REQUIREMENT: The output has to be the full set of records, reproduced exactly, minus any picture.

Data extracted from a collection
= Beginning of Section =

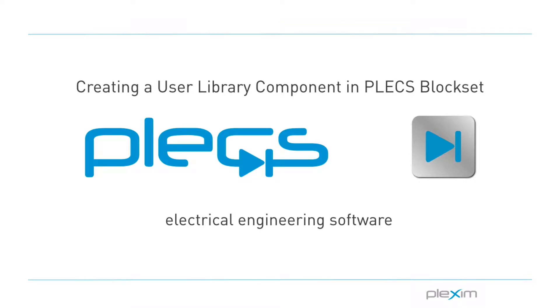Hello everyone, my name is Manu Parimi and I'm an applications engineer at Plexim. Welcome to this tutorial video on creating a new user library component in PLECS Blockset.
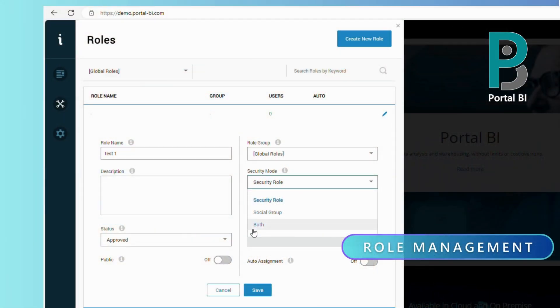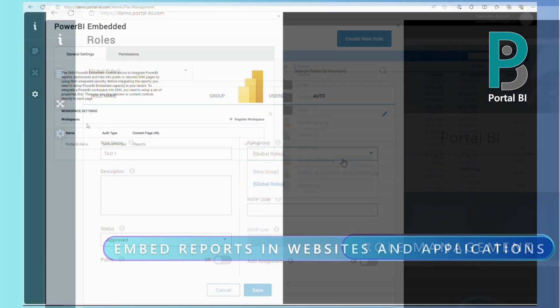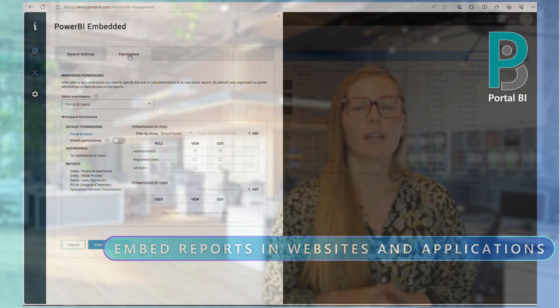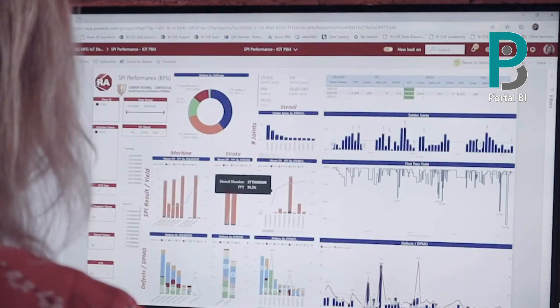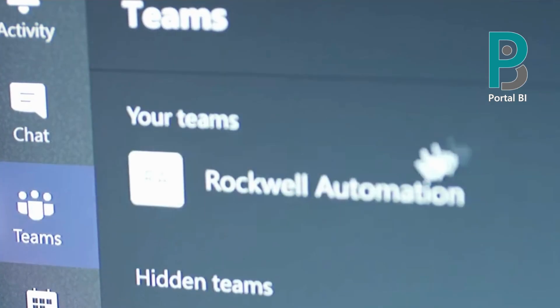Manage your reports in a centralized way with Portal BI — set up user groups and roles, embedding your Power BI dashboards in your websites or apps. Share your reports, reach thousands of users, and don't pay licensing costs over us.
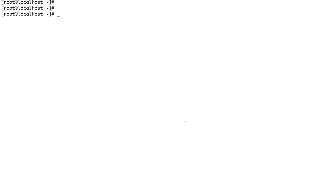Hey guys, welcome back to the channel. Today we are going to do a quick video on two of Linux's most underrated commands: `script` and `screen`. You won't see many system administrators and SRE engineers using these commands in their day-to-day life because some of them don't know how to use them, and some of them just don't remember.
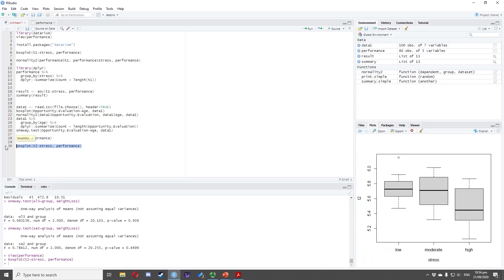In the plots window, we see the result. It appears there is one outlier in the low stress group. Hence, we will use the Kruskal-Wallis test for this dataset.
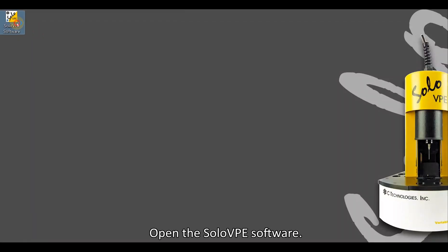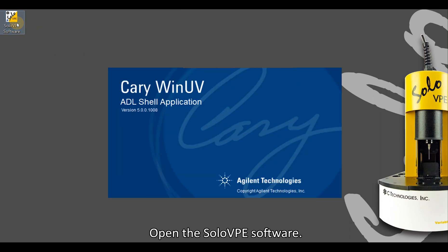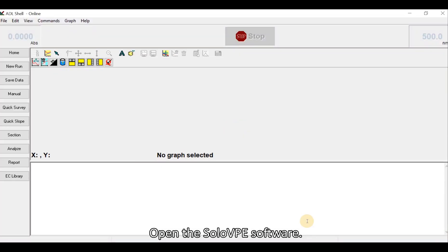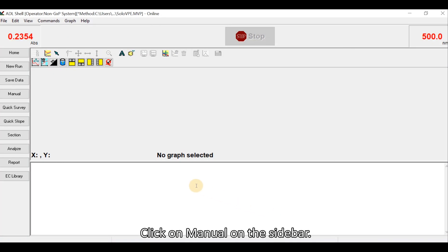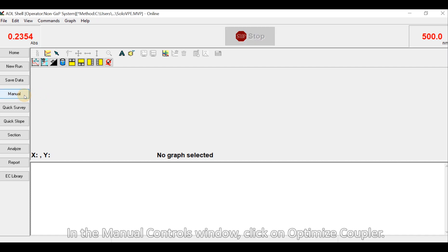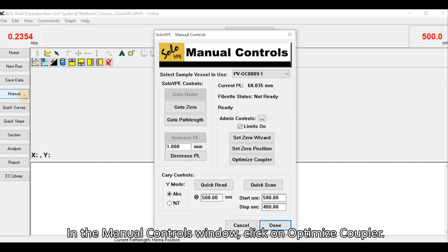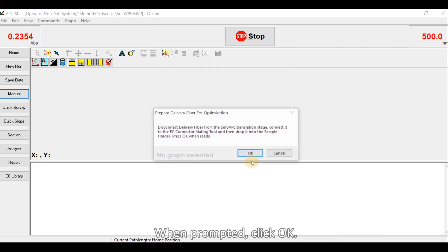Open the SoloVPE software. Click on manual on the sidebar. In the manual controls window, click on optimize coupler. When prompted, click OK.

= End of Section =

SOLUTION TO THIS TASK:
Hello everyone, my name is Manu Parimi and I'm an applications engineer at Plexim. Welcome to this tutorial video on creating a new user library component in PLECS Blockset.
Manage your reports in a centralized way with Portal BI — set up user groups and roles, embedding your Power BI dashboards in your websites or apps. Share your reports, reach thousands of users, and don't pay licensing costs over us.
Hey guys, welcome back to the channel. Today we are going to do a quick video on two of Linux's most underrated commands: `script` and `screen`. You won't see many system administrators and SRE engineers using these commands in their day-to-day life because some of them don't know how to use them, and some of them just don't remember.
In the plots window, we see the result. It appears there is one outlier in the low stress group. Hence, we will use the Kruskal-Wallis test for this dataset.
Open the SoloVPE software. Click on manual on the sidebar. In the manual controls window, click on optimize coupler. When prompted, click OK.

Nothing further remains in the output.